Catlin’s writings coincided with similar philosophical statements from other writers and artists. For example, in 1836, Ralph Waldo Emerson published his essay Nature, which argued that God’s greatness was inherent in man’s natural surroundings. That same year, Thomas Cole, painter and leader of the Hudson River School, unveiled his masterpiece The Oxbow, which suggested that man and nature could live in balance, but cautioned against disturbing this balance.
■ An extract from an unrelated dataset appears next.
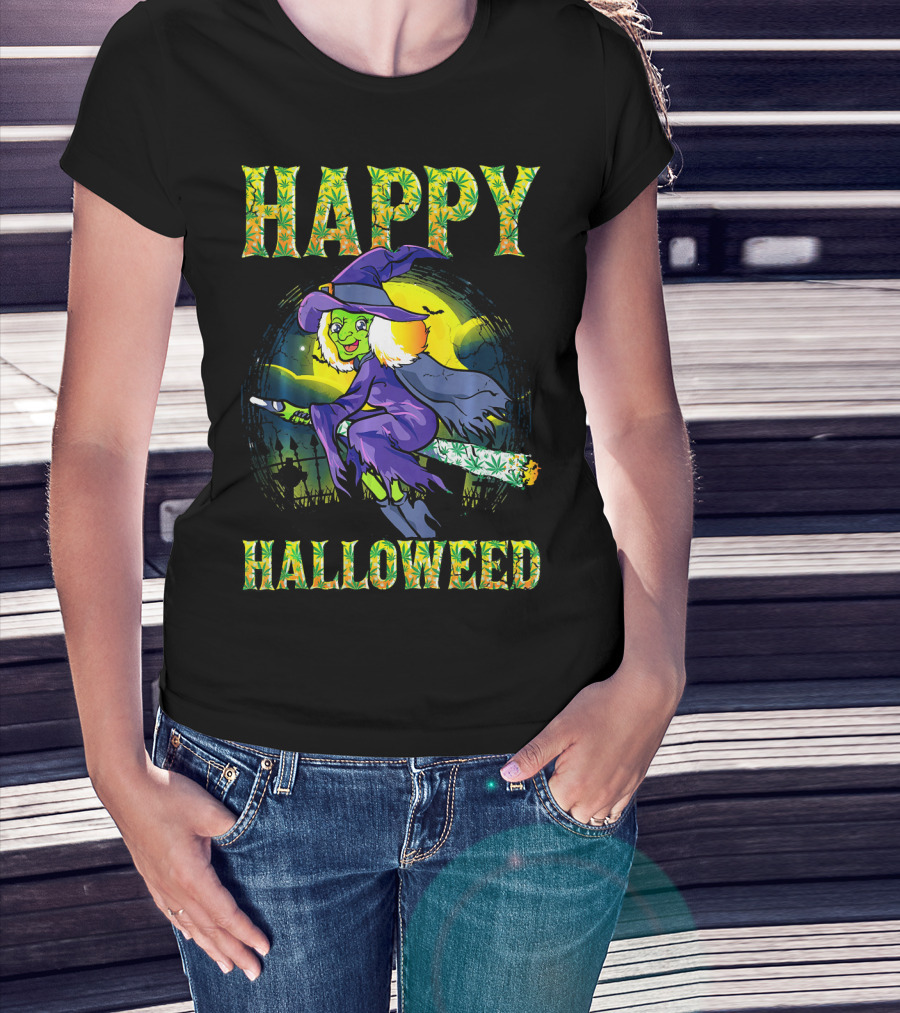 Happy Halloweed Witch Halloween Marijuan T-Shirt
Businessmen were soon profiting from Americans’ newfound appreciation of nature. Peter Schutt purchased a large tract of land in the Catskill Mountains that included Kaaterskill Falls. There he built not only a hotel but a dam that prevented water from spilling over the falls. Only when guests paid the required fee would Schutt open the dam, “turning on” the waterfall. If Schutt was merely cashing in on nature, his actions inspired others in their belief that nature needed to be preserved, not just enjoyed. In the 1850s, Henry David Thoreau declared that “In Wildness is the preservation of the world” in his essay Walking, and highlighted the irony of what most deemed “progress” in his writings about the expansion of rail lines in Walden.
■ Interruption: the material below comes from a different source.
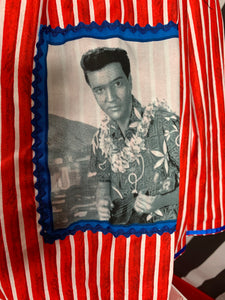 Elvis in Hawaii fan art  red and white stripe skirt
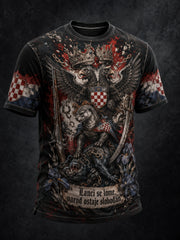 Herren-Hajduk-Spirit-Patriotisches Kunstprint-T-Shirt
That so-called progress was devastating the environment in areas across the country. Northwestern Connecticut was denuded of trees in order to make charcoal for the iron industry. Lumbering, tanning, charcoaling and the paper industry threatened the Adirondacks. Most of Michigan was deforested in a twenty-year period for the lumber industry as well as by those clearing farm plots made available under the 1862 Homestead Act. Perhaps no part of the country faced the environmental devastation as severe as that brought about by the 1849 Gold Rush in California. Water power was harnessed to bring down mountains, and the sediment released by this process clogged streams and rivers. Forests were cleared and chemicals polluted the soil. The ramifications of these environmental calamities extended to the nation’s cities, whose supplies of drinking water, food, and firewood were suddently threatened.

Forever wild

Given the magnitude of man’s impact on the environment in California, it is no surprise that it was there that the dream of national parks first became reality. In 1862, California senator John Conness and steamship captain Israel Ward Raymond sought to protect the majestic sequoias and the breathtaking valley of Yosemite from development, instead setting it aside for the enjoyment of the people of the state. In 1864, Abraham Lincoln signed into law a bill turning over this land – which had been owned by the federal government – to the State of California as the nation’s first state park. Other states followed suit. New York, for example, created a state park at Niagara Falls and, in 1895, set aside the Adirondack Park as an area to be “forever wild.”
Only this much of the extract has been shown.